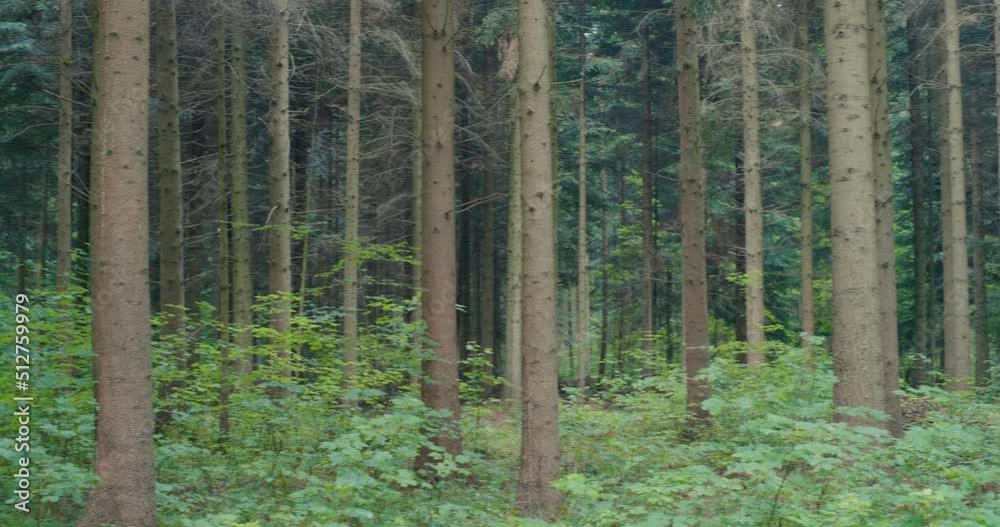 Tall trees and lush green vegetation panning shot in a forest in Europe. Cloudy summer day, real time, no people Tall trees and lush green vegetation panning shot in a forest in Europe. Cloudy summer day, real time, no people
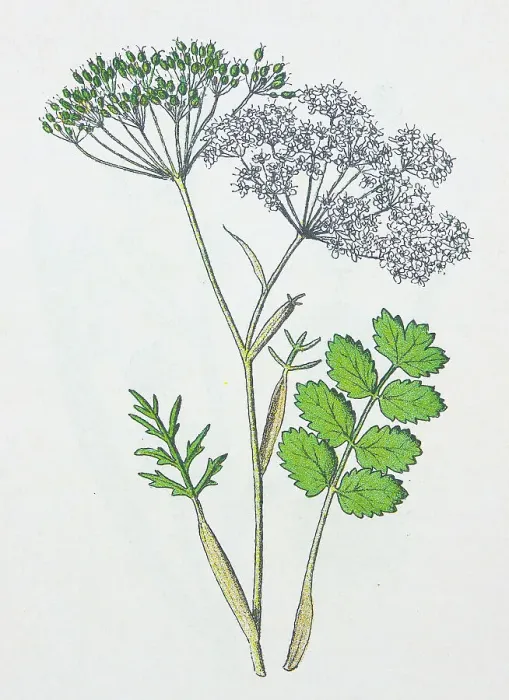 Framed Print : Antique botany illustration: Burnet Saxifrage, Pimpinella saxifraga Framed Print : Antique botany illustration: Burnet Saxifrage, Pimpinella saxifraga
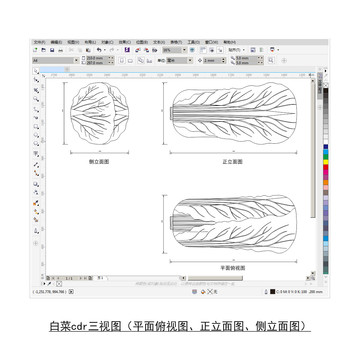 大白菜CDR平面图立面图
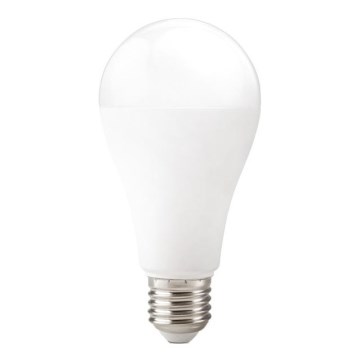 LED lemputė GS E27/22W/230V 6500K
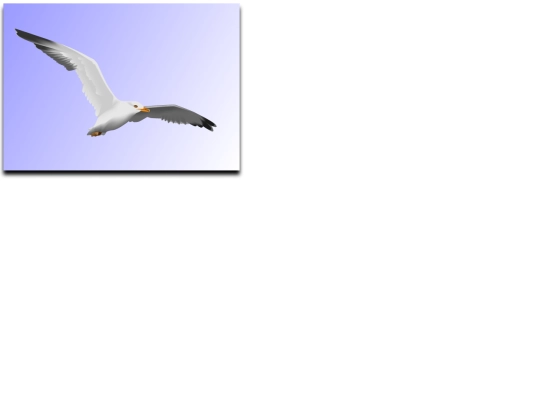 Imitations/gradient_seagull screenshot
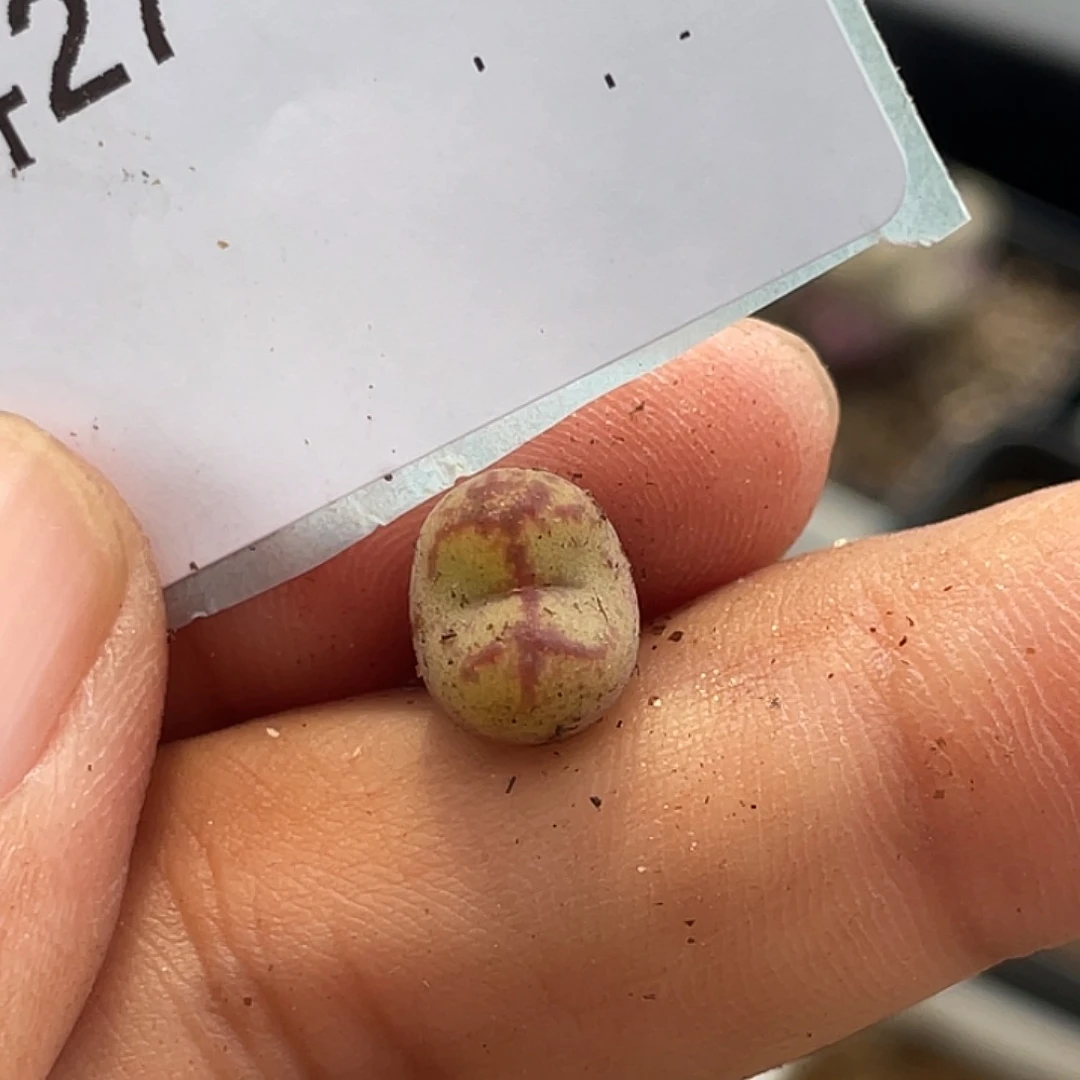 27-90毛杂多肉植物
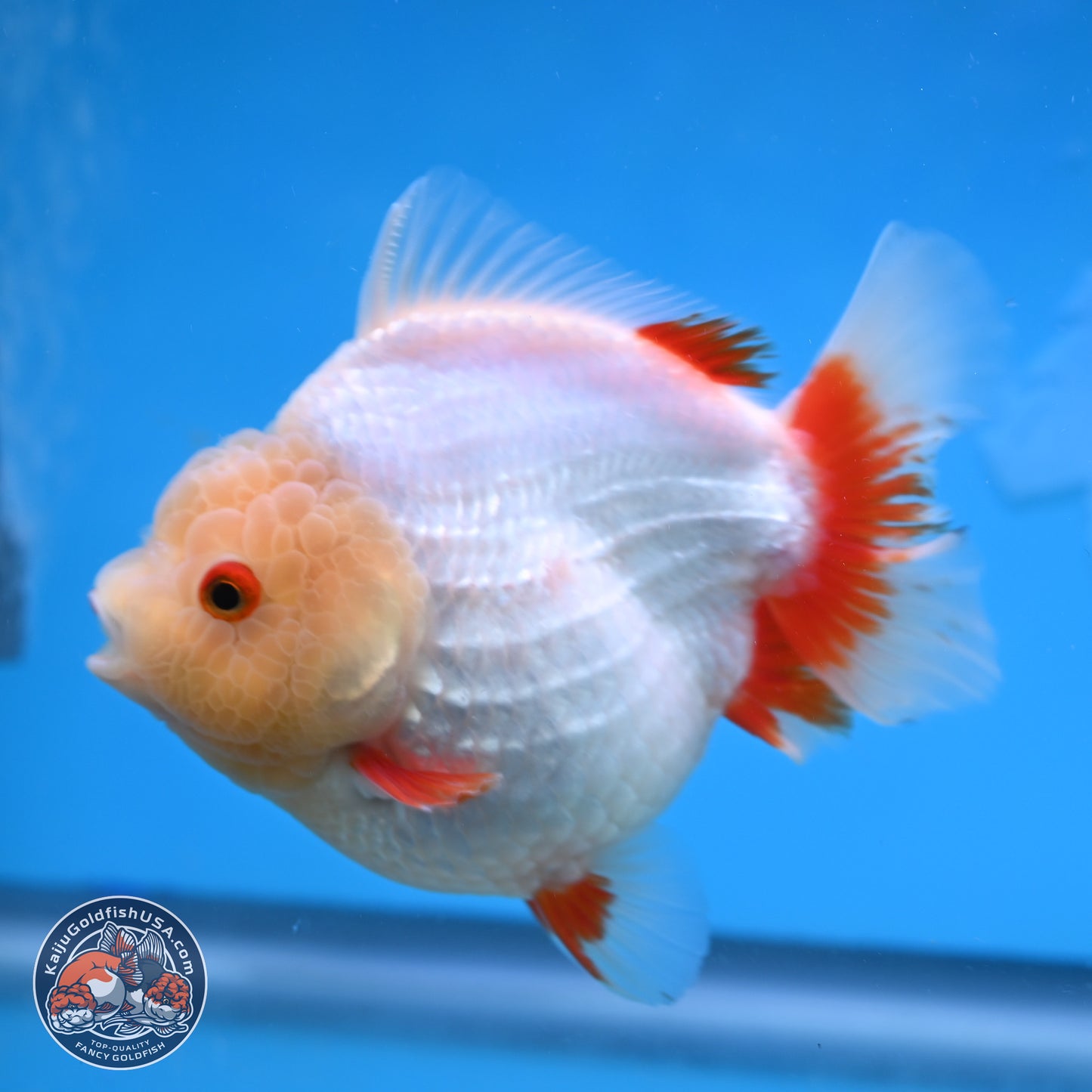 Jade Head Red White YuanBao Oranda 4 inches Body - Female (250131_OR08)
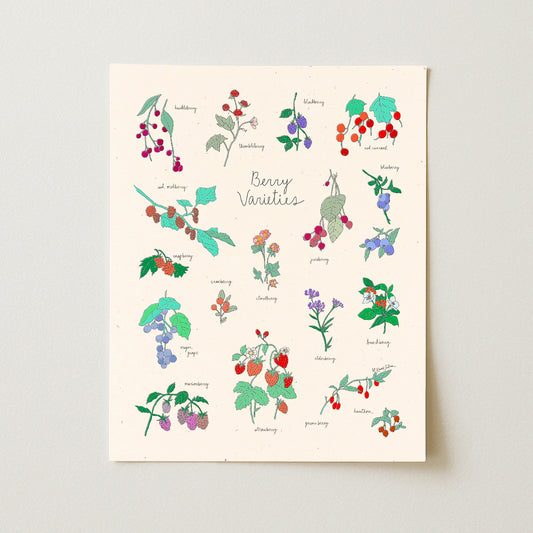 Berry Varieties Art Print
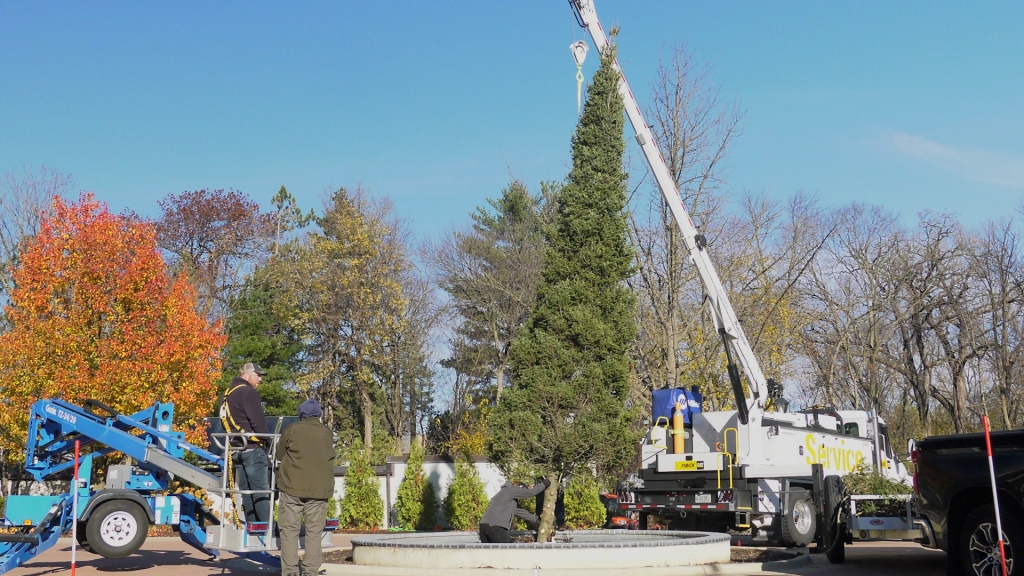 A tall conifer being placed onto a concrete platform by a crane.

## [Exercise prompt]
Where pictures appear, drop them, and reproduce exactly only the lines running from the beginning of the data to the line that contains "LED lemputė GS E27/22W/230V 6500K", inclusive.

## [Solution for this task]
 Tall trees and lush green vegetation panning shot in a forest in Europe. Cloudy summer day, real time, no people Tall trees and lush green vegetation panning shot in a forest in Europe. Cloudy summer day, real time, no people
 Framed Print : Antique botany illustration: Burnet Saxifrage, Pimpinella saxifraga Framed Print : Antique botany illustration: Burnet Saxifrage, Pimpinella saxifraga
 大白菜CDR平面图立面图
 LED lemputė GS E27/22W/230V 6500K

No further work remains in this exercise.